EXERCISE DESCRIPTION – Transcribe the data that follows without changing a word, and omit the pictures.

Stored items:
((

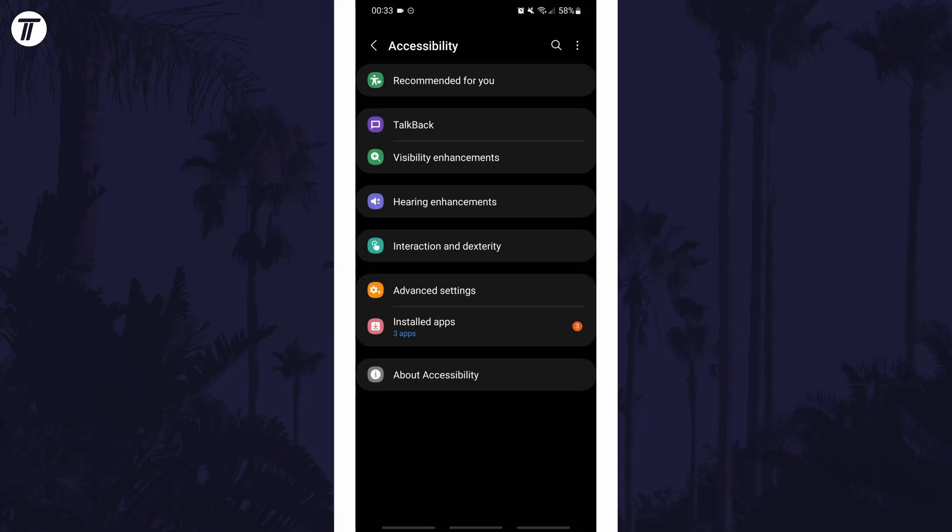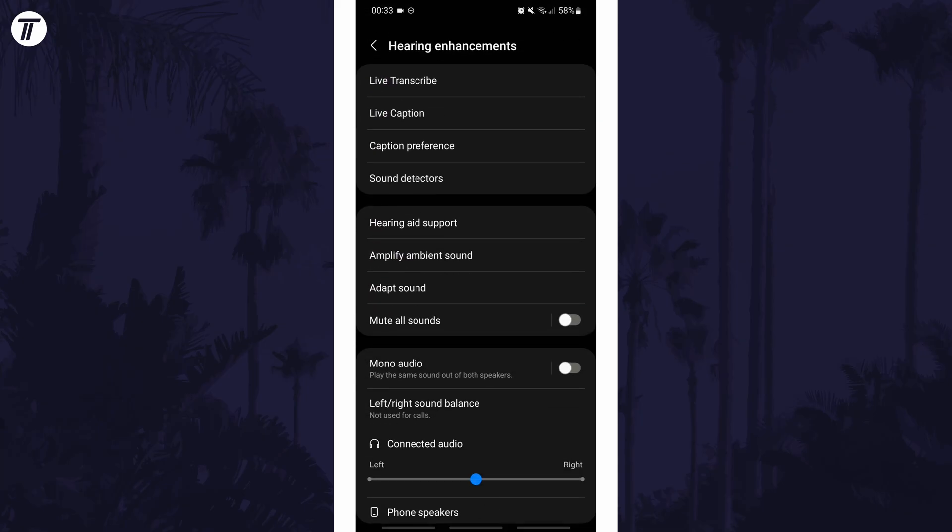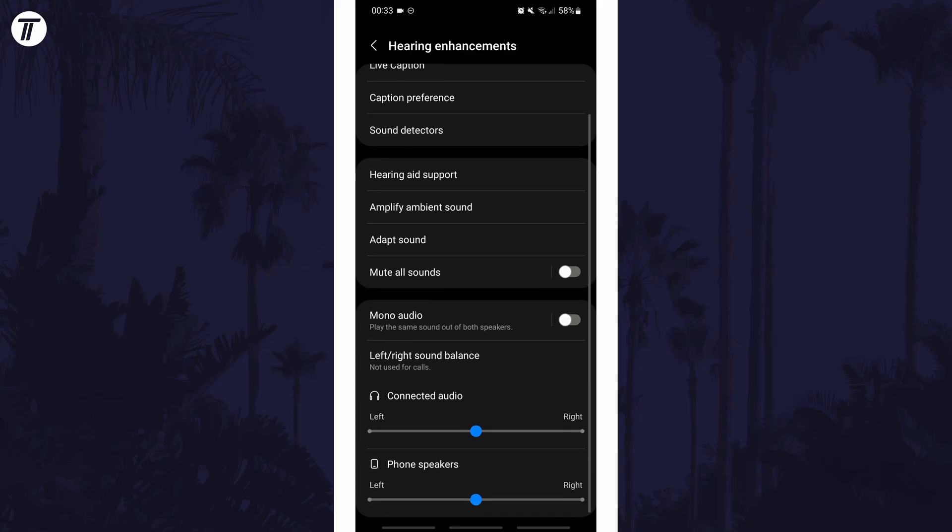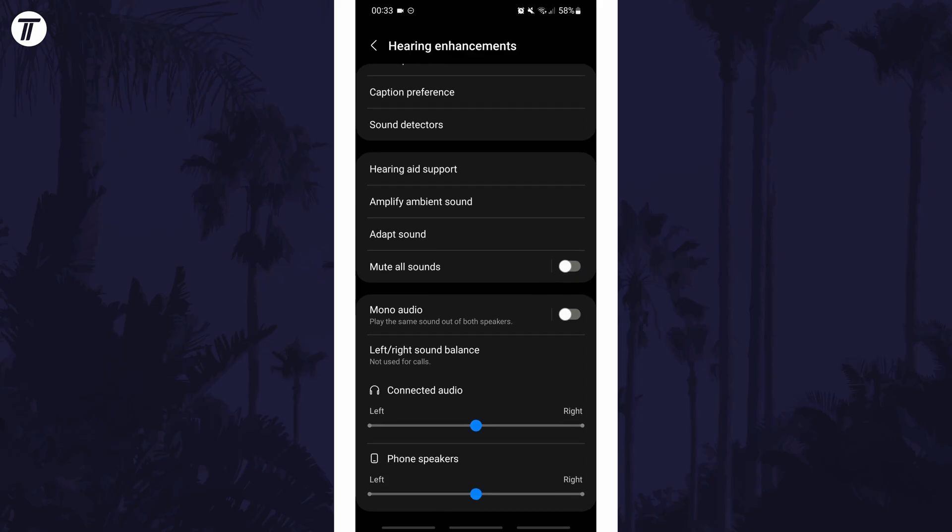In the accessibility settings, find and tap on hearing enhancements or similar. Within here, there should be an option to change the left and right sound balance for both headphones and the device's speakers.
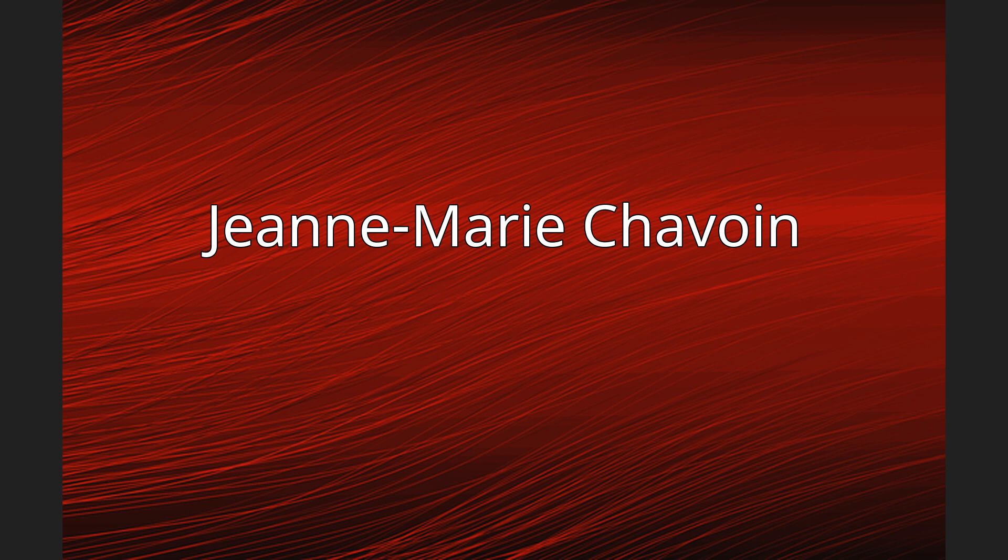Jeanne-Marie was born in the village of Coutouver, France. She met Father Pierre Collin when he was parish priest at Coutouver. She later joined Jean-Claude Collin at Cerdon where they both served. Together they worked on the beginning of the Marist Sisters.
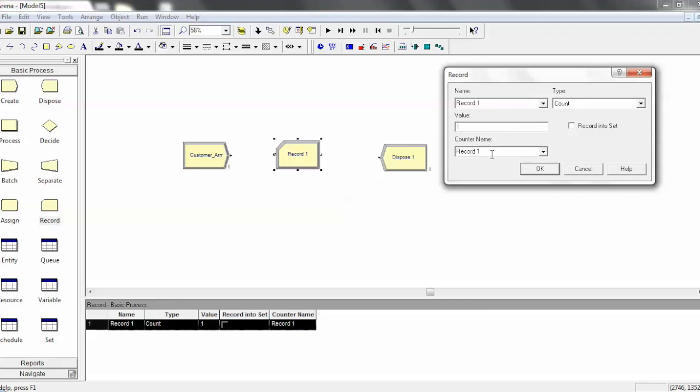And in the output report, there'll be a section called whatever you have for this counter name here. So it'd be record one in this case. And it'd basically count however many entities have flowed through this assigned module.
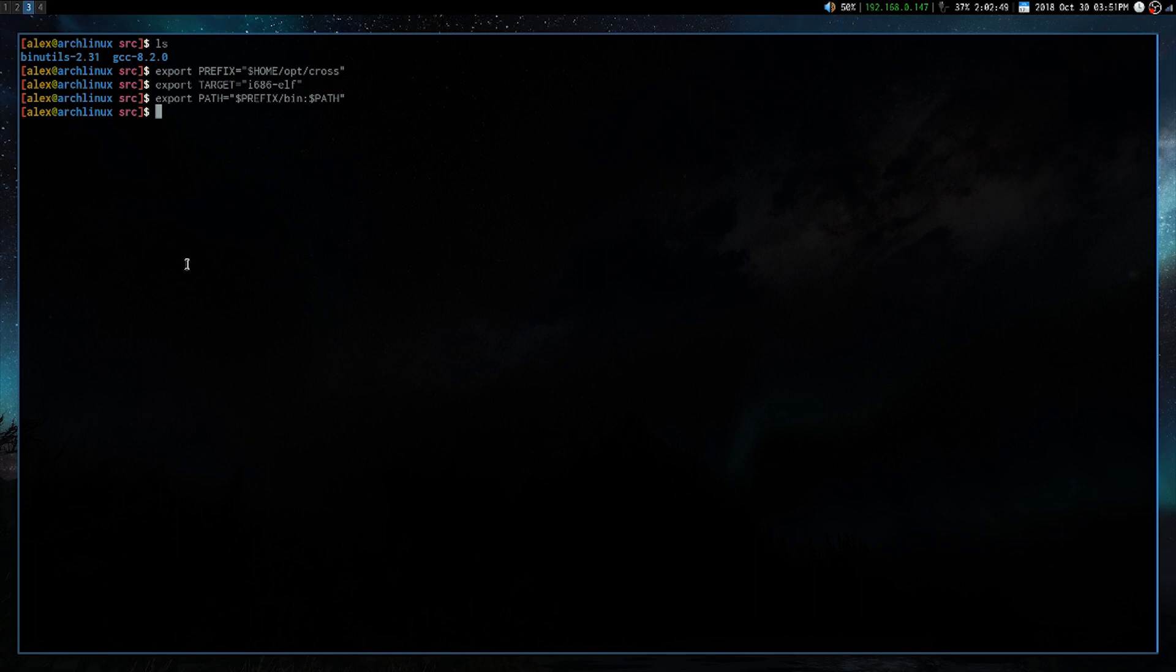Next, we are going to make a directory called build binutils, and then we are going to change into that directory.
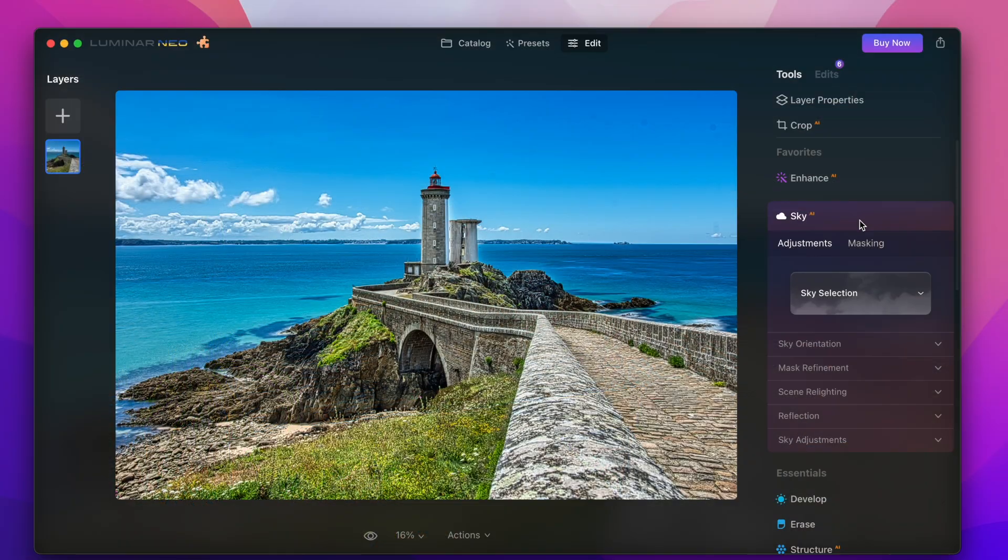Although me as a photographer who likes to portray the real nature and authentic landscapes I don't know what exactly I think of this function because it changes the complete appearance of a picture but anyways technically it's great and just let's just have a look at it.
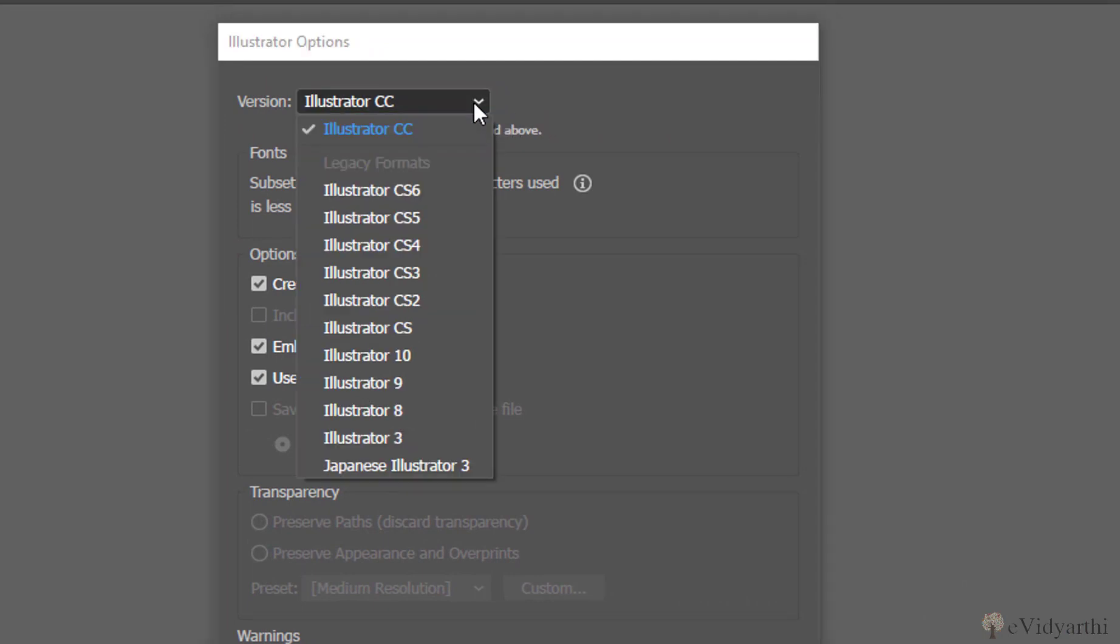So if I click on this, we'll get all the legacy formats like we have Illustrator CS6, then CS5, CS4, CS3, CS2 and 10, 9, 8, and up to even Illustrator 3.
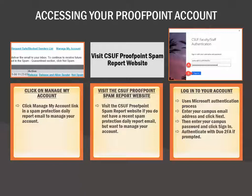If not, you will be prompted to enter your campus email address. Next, you'll enter your campus password and click Sign In. If prompted, authenticate with Duo two-factor authentication. Step-by-step instructions can be found in the User Guides.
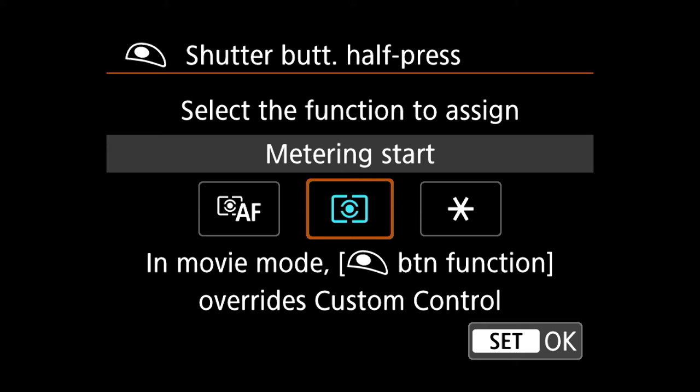Also, remember, every time you work in this menu you have to hit set to choose your options. If you don't hit set, it won't actually apply the change that you've made.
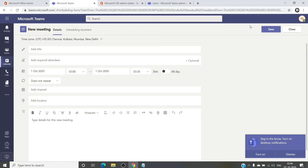By default we get a toll number assigned to the meeting. The difference between a toll number and a toll-free number is that toll numbers are ones where participants who call into the meeting using that particular number are charged as per their calling plan.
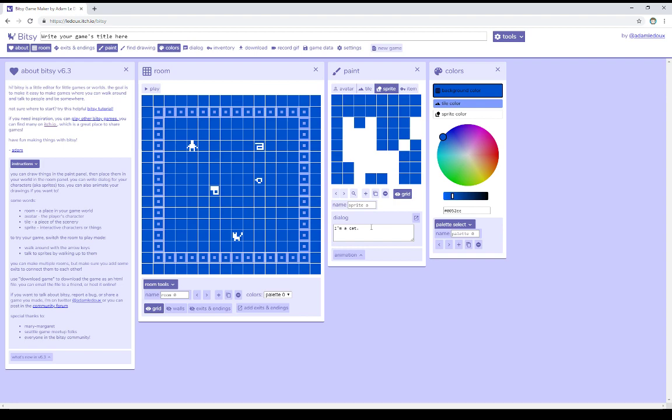So dialogue then is the text that shows up when we interact with a sprite or an item, and depending on its nature, either a sprite or an item, it either remains, which means we can keep interacting with it, or it disappears if it's an item, and we can no longer interact with it. Thanks for watching.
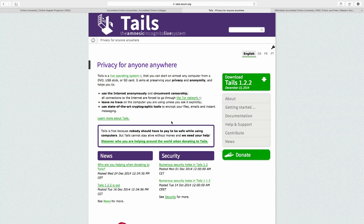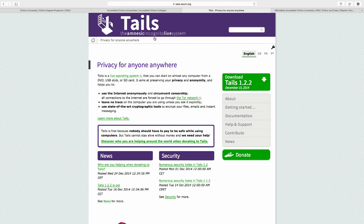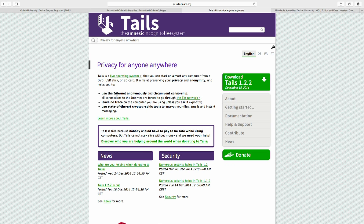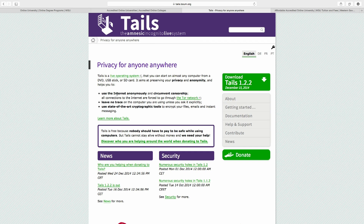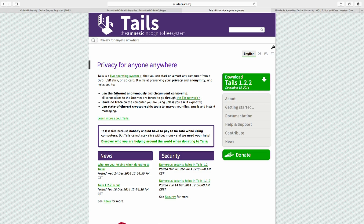We'll go over to the computer for a second to show the web page for Tails. Basically, Tails is a live operating system. You can boot it off of a DVD or a USB stick and it routes all of your data through the Tor network. It's the equivalent of a Linux live CD, built to completely use the Tor network, so you don't have to worry about things like DNS leakage or any of that kind of stuff.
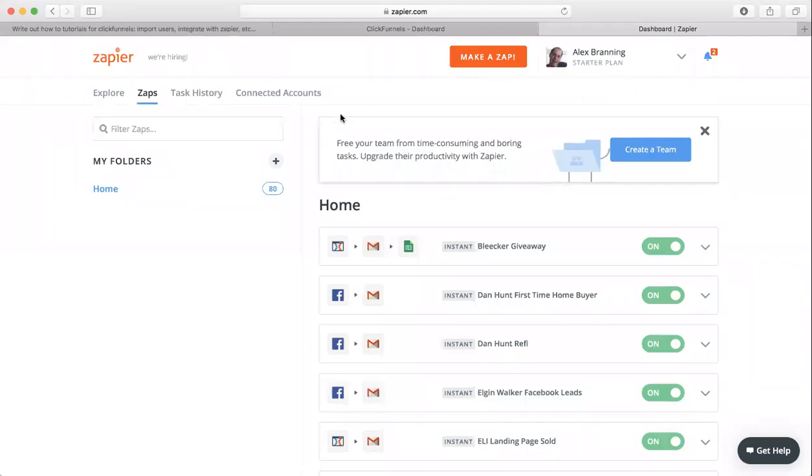Hey guys, this is Ryan at The Branding Group. I'm here showing you how to use Zapier to connect your ClickFunnels to your Google Sheets so whenever somebody opts into your funnel, it'll automatically send their contact information to a Google Sheet that you have set up.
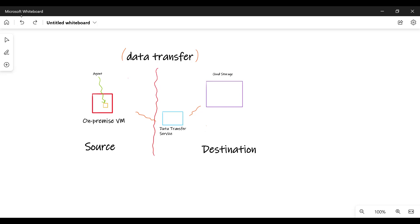This is our continuing lecture on data migration. In this lecture, we'll talk about migrating data from your on-prem virtual machine to your cloud storage. Since we do not have an on-prem virtual machine, we'll be creating a virtual machine within GCP. Within that virtual machine, we'll be installing something called an agent. Once we've installed this agent, we can transfer data from our source to our destination. The source would be a virtual machine and the destination would be a cloud storage bucket. We need to use our data transfer service to get this migration done.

))

EXPECTED OUTPUT –
In the accessibility settings, find and tap on hearing enhancements or similar. Within here, there should be an option to change the left and right sound balance for both headphones and the device's speakers.
Jeanne-Marie was born in the village of Coutouver, France. She met Father Pierre Collin when he was parish priest at Coutouver. She later joined Jean-Claude Collin at Cerdon where they both served. Together they worked on the beginning of the Marist Sisters.
And in the output report, there'll be a section called whatever you have for this counter name here. So it'd be record one in this case. And it'd basically count however many entities have flowed through this assigned module.
Next, we are going to make a directory called build binutils, and then we are going to change into that directory.
Although me as a photographer who likes to portray the real nature and authentic landscapes I don't know what exactly I think of this function because it changes the complete appearance of a picture but anyways technically it's great and just let's just have a look at it.
So if I click on this, we'll get all the legacy formats like we have Illustrator CS6, then CS5, CS4, CS3, CS2 and 10, 9, 8, and up to even Illustrator 3.
If not, you will be prompted to enter your campus email address. Next, you'll enter your campus password and click Sign In. If prompted, authenticate with Duo two-factor authentication. Step-by-step instructions can be found in the User Guides.
Also, remember, every time you work in this menu you have to hit set to choose your options. If you don't hit set, it won't actually apply the change that you've made.
By default we get a toll number assigned to the meeting. The difference between a toll number and a toll-free number is that toll numbers are ones where participants who call into the meeting using that particular number are charged as per their calling plan.
So dialogue then is the text that shows up when we interact with a sprite or an item, and depending on its nature, either a sprite or an item, it either remains, which means we can keep interacting with it, or it disappears if it's an item, and we can no longer interact with it. Thanks for watching.
We'll go over to the computer for a second to show the web page for Tails. Basically, Tails is a live operating system. You can boot it off of a DVD or a USB stick and it routes all of your data through the Tor network. It's the equivalent of a Linux live CD, built to completely use the Tor network, so you don't have to worry about things like DNS leakage or any of that kind of stuff.
Hey guys, this is Ryan at The Branding Group. I'm here showing you how to use Zapier to connect your ClickFunnels to your Google Sheets so whenever somebody opts into your funnel, it'll automatically send their contact information to a Google Sheet that you have set up.
This is our continuing lecture on data migration. In this lecture, we'll talk about migrating data from your on-prem virtual machine to your cloud storage. Since we do not have an on-prem virtual machine, we'll be creating a virtual machine within GCP. Within that virtual machine, we'll be installing something called an agent. Once we've installed this agent, we can transfer data from our source to our destination. The source would be a virtual machine and the destination would be a cloud storage bucket. We need to use our data transfer service to get this migration done.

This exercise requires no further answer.